Nightmare Fuel: Persona 4
Despite being far Lighter and Softer than other Shin Megami Tensei games, Persona 4 still manages to have its own share of Nightmare Fuel.
- The first example in the game, is your first visit to the TV World. Ominous music plays while you find an empty room filled with posters of a woman with her face torn out, splotches of blood which the Persona series seems to love so much, and a classic chair and noose arrangement. While this is nothing compared to the crazier things that will happen later in the game, it still makes a striking change from the everyday rural life, minus a murder, up until now.
- The calls you get if you fail to rescue someone will probably haunt your dreams.

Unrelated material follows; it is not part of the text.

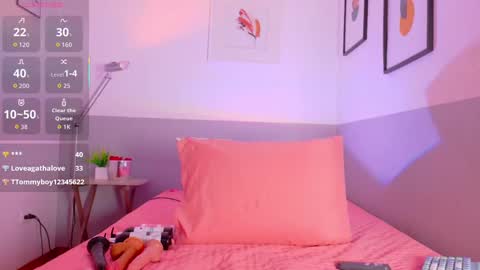 cutepetitee online show from 10.08.25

Especially the last one from Naoto, wherein she is murdered by Shadows while on the phone with you.
- Shadow Selves are pretty terrifying.
- Shadow Yosuke is your first exposure to the reality of what exactly a shadow is: It's a manifestation of all of your worst flaws and suppressed dark thoughts, and if you deny it, it will kill you.
- Shadow Chie before transforming, has quite the smile.
- Shadow Rise is a giant multicolour girl tangling herself around a dance pole, with a satellite dish for a face. Her attacks involve her screeching "FEAST YOUR EYES!" or moaning, while humping the dance pole between her legs with a very audible squelch. Even her portrait of all things is just a tad too creepy. And don't forget that because of her inherent powers, you can't beat her; scary thought if you don't know that the fight will eventually cut to a scene where Teddie goes apezoid to defeat her.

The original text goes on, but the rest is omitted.